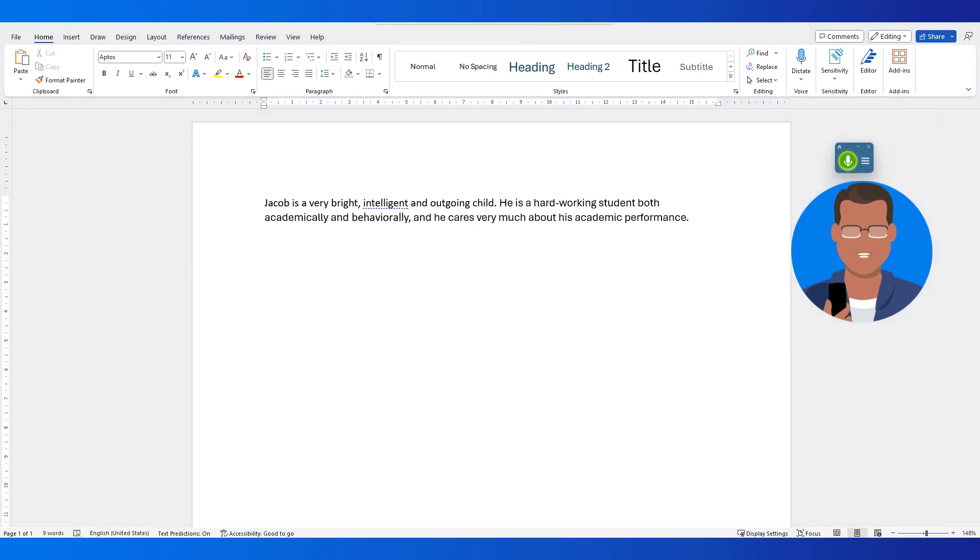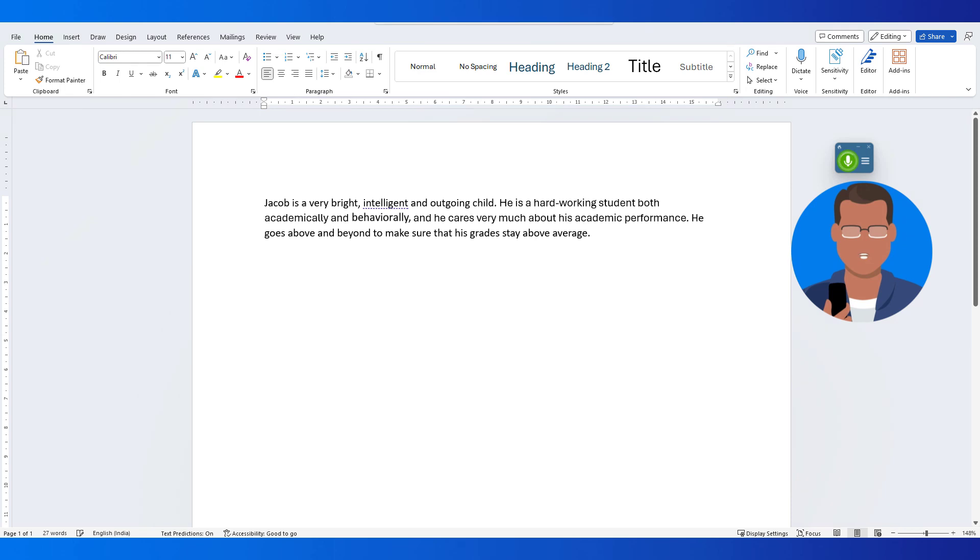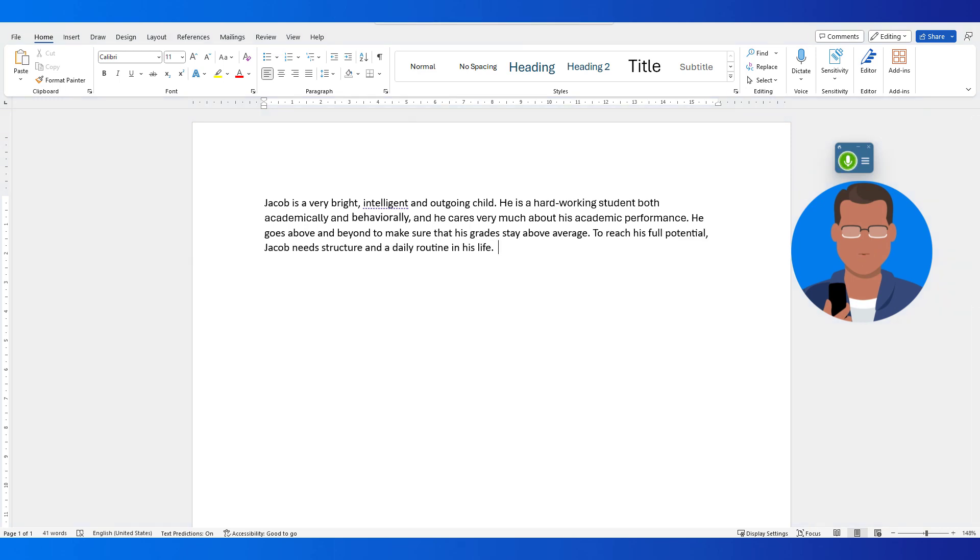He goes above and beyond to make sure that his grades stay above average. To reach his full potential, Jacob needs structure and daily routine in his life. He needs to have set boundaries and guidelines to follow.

---

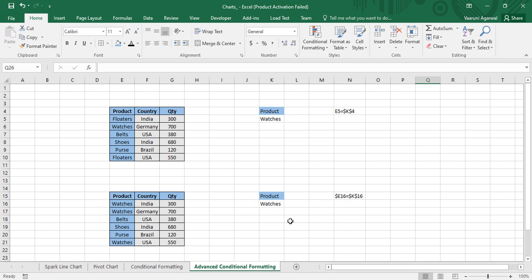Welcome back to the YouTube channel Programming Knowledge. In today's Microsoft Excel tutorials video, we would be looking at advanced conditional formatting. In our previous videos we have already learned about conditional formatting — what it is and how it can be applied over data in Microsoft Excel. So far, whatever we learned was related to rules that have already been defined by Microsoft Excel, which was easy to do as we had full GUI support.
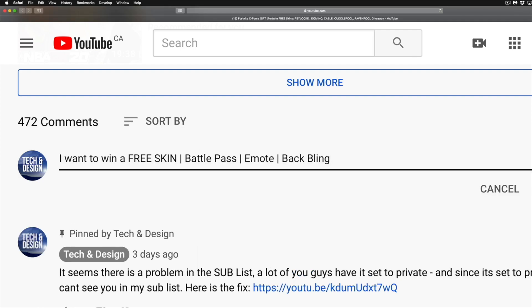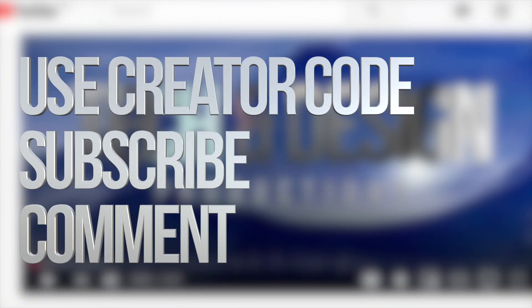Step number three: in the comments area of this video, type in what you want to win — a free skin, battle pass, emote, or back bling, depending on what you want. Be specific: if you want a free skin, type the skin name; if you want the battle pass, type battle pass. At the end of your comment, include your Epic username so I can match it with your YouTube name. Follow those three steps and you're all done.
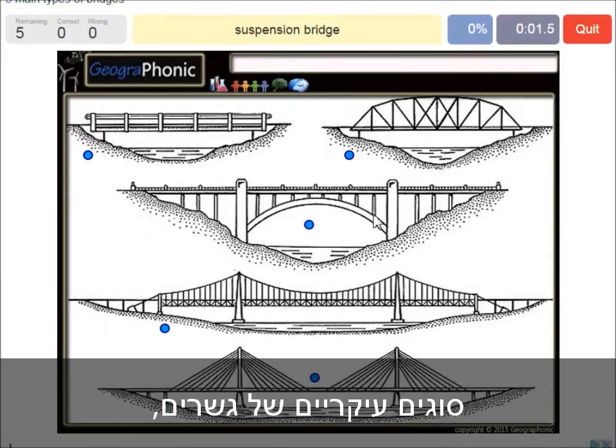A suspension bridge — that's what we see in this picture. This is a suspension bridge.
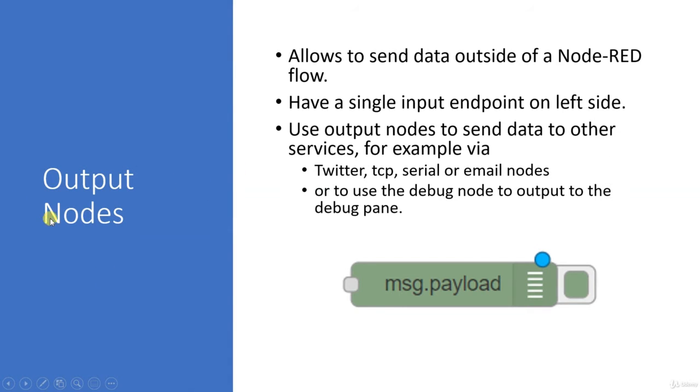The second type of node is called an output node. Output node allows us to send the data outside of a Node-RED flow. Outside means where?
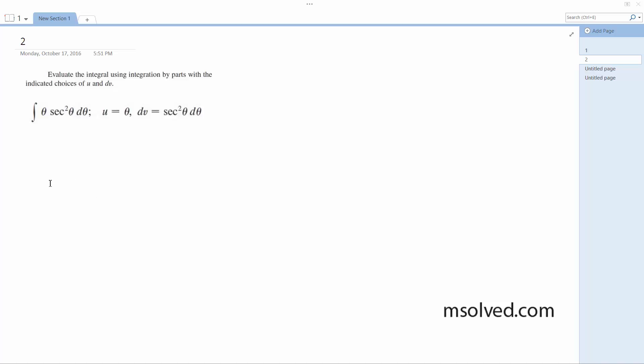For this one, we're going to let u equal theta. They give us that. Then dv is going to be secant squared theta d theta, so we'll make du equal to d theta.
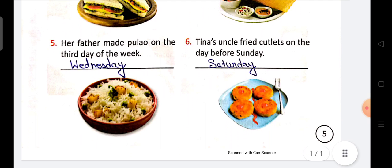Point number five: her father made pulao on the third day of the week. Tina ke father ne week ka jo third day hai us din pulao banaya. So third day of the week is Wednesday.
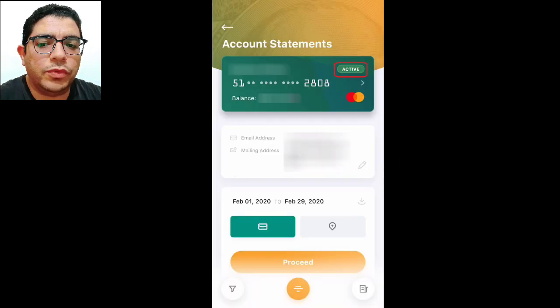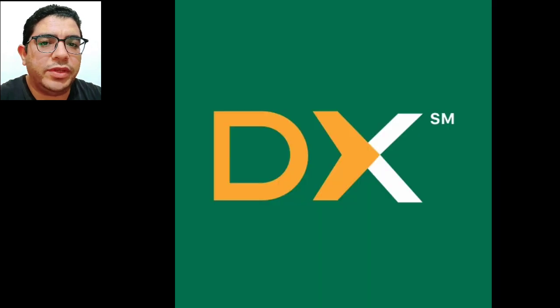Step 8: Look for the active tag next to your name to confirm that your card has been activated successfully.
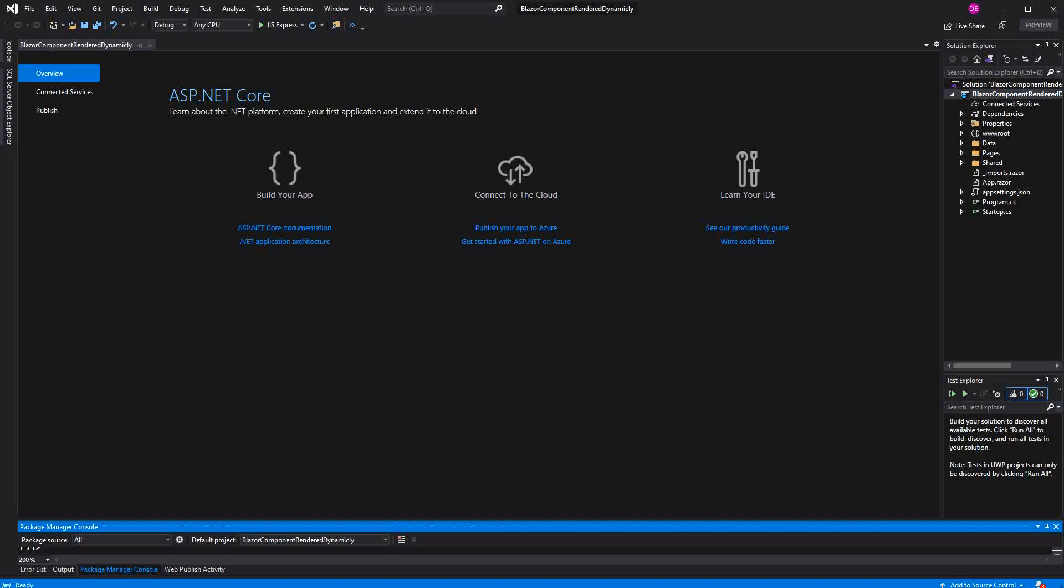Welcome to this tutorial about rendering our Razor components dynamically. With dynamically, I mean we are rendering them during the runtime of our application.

### WHAT TO PRODUCE
Everything between and including the line above containing "A suspension bridge —" and the line containing "Welcome to this" should be reproduced exactly, with pictures excluded.

### OUTPUT
A suspension bridge — that's what we see in this picture. This is a suspension bridge.
The second type of node is called an output node. Output node allows us to send the data outside of a Node-RED flow. Outside means where?
For this one, we're going to let u equal theta. They give us that. Then dv is going to be secant squared theta d theta, so we'll make du equal to d theta.
Point number five: her father made pulao on the third day of the week. Tina ke father ne week ka jo third day hai us din pulao banaya. So third day of the week is Wednesday.
Step 8: Look for the active tag next to your name to confirm that your card has been activated successfully.
Welcome to this tutorial about rendering our Razor components dynamically. With dynamically, I mean we are rendering them during the runtime of our application.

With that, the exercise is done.